Image-text web data |
*-*-*
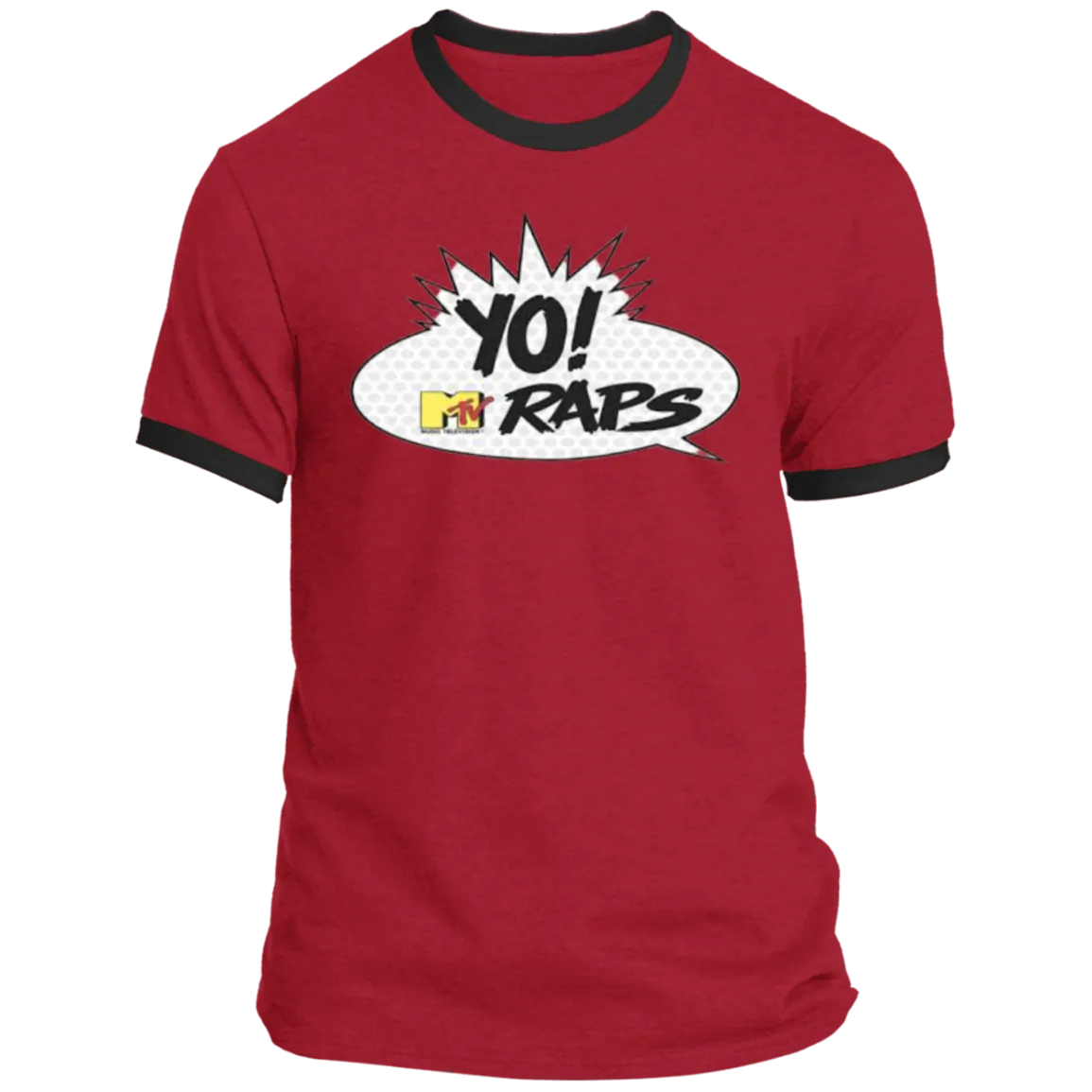 PC54R Ringer Tee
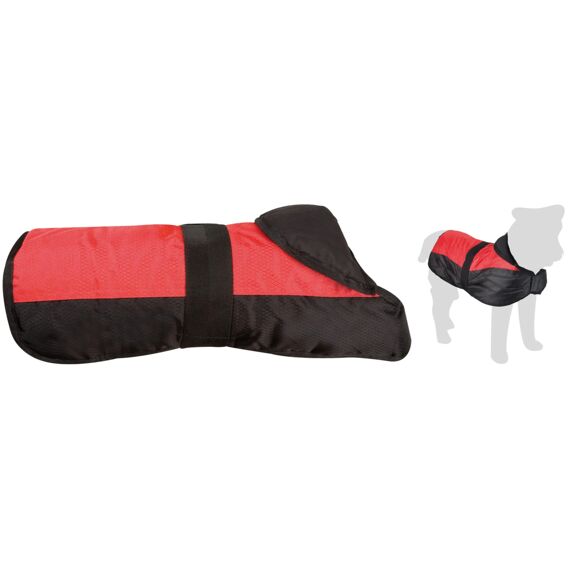 Flamingo Hondenjas Eisbär 50Cm Rood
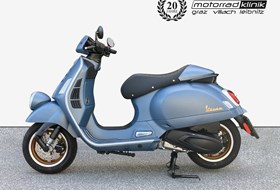 Vespa GTV 310 Officina 8
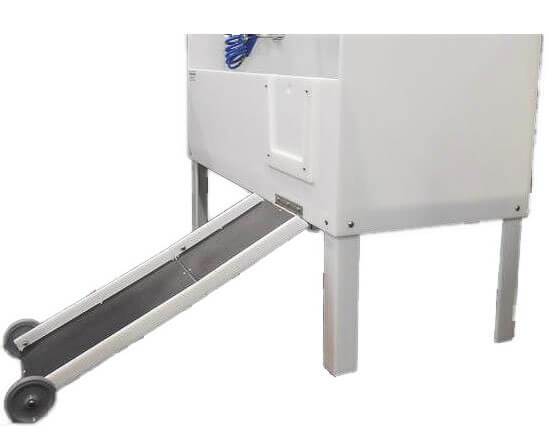 Poly Pet Tubs - Professional Dog Grooming Ramp Tub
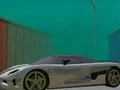 لعبة Mega Stunt Racer على الانترنت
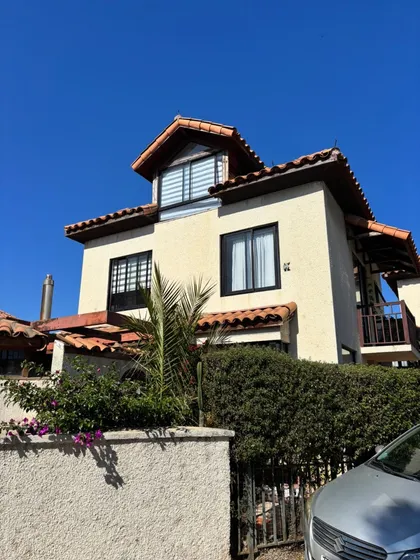 Casa En Condominio Altomar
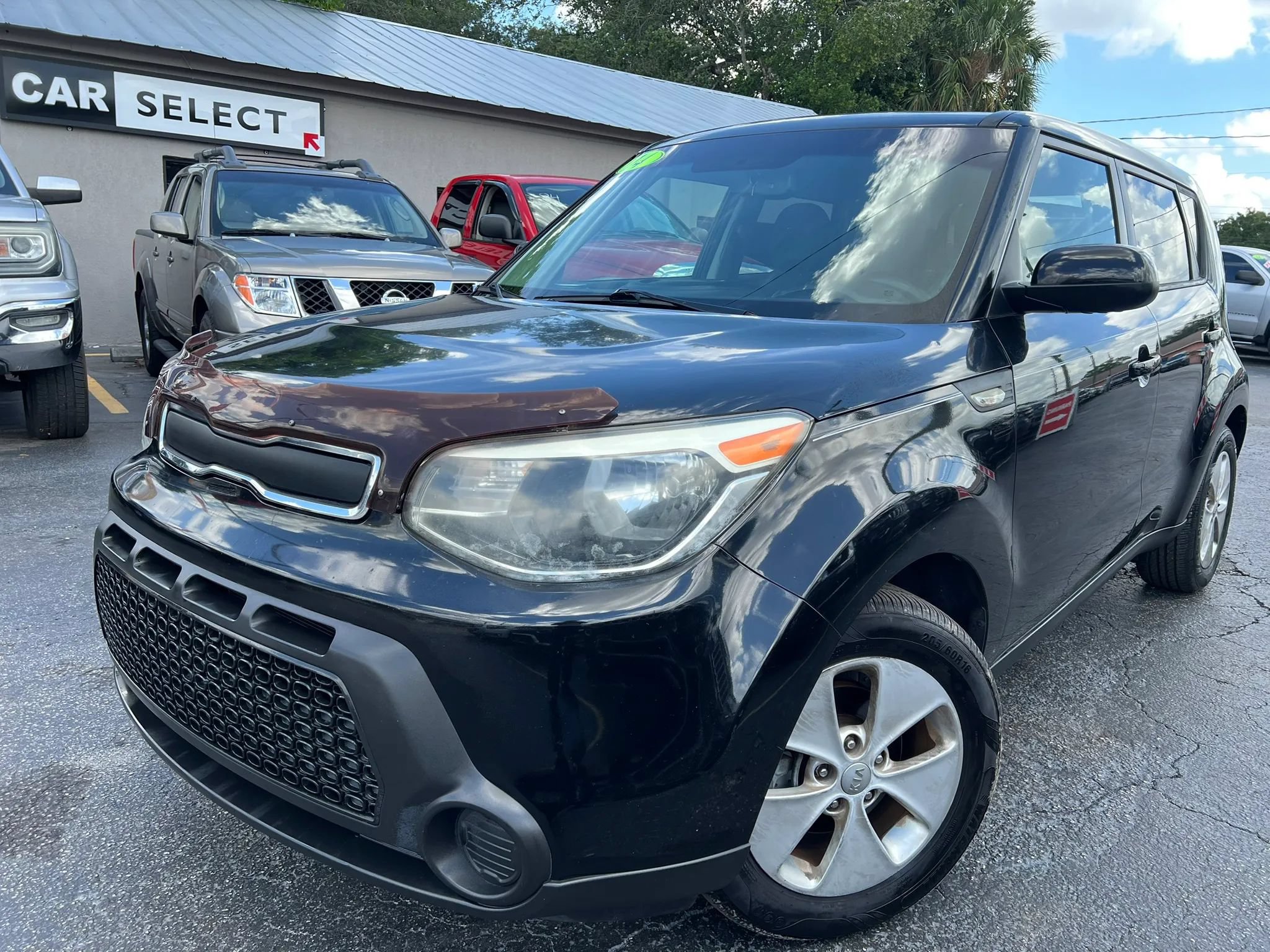 Used 2014 Kia Soul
*-*-*
Retype every entry exactly as written, but omit the pictures.

 PC54R Ringer Tee
 Flamingo Hondenjas Eisbär 50Cm Rood
 Vespa GTV 310 Officina 8
 Poly Pet Tubs - Professional Dog Grooming Ramp Tub
 لعبة Mega Stunt Racer على الانترنت
 Casa En Condominio Altomar
 Used 2014 Kia Soul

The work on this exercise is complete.